Engineered Protein Nanoparticles Enable Targeted Topical Delivery of Upadacitinib for Enhanced Arthritis Therapy

Rheumatoid arthritis (RA) is a chronic autoimmune disorder driven by persistent synovial inflammation and leading to joint destruction. Although the Janus kinase (JAK) inhibitor upadacitinib (UPA) is clinically effective, its systemic administration is associated with dose-limiting toxicities and poor patient adherence, highlighting an urgent need to minimize systemic exposure.
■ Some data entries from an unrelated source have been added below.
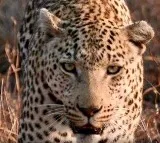 Leopard enters house in Delhi village, five injured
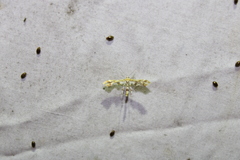 Geina periscelidactylus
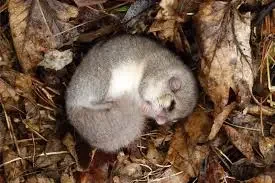 descarga - 2024-12-06T042721.371.webp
Topical application offers a promising route for targeted joint delivery, but its efficacy is hampered by the formidable skin barrier and the poor retention of conventional formulations. To overcome these challenges, we developed a protein-based nanoparticle system by assembling engineered protein K72 with carboxylate-terminated poly(ethylene glycol) (PEG-COOH) to encapsulate UPA. This design significantly enhanced nanoparticle stability, drug loading capacity, and transdermal penetration efficiency. The engineered nanoparticles demonstrated sustained drug release and superior skin penetration. In a collagen-induced arthritis (CIA) mouse model, topical application of these nanoparticles achieved pronounced therapeutic efficacy against RA progression, with no observable systemic toxicity. This work establishes a safe, convenient, and highly effective topical nanoplatform for the local management of RA.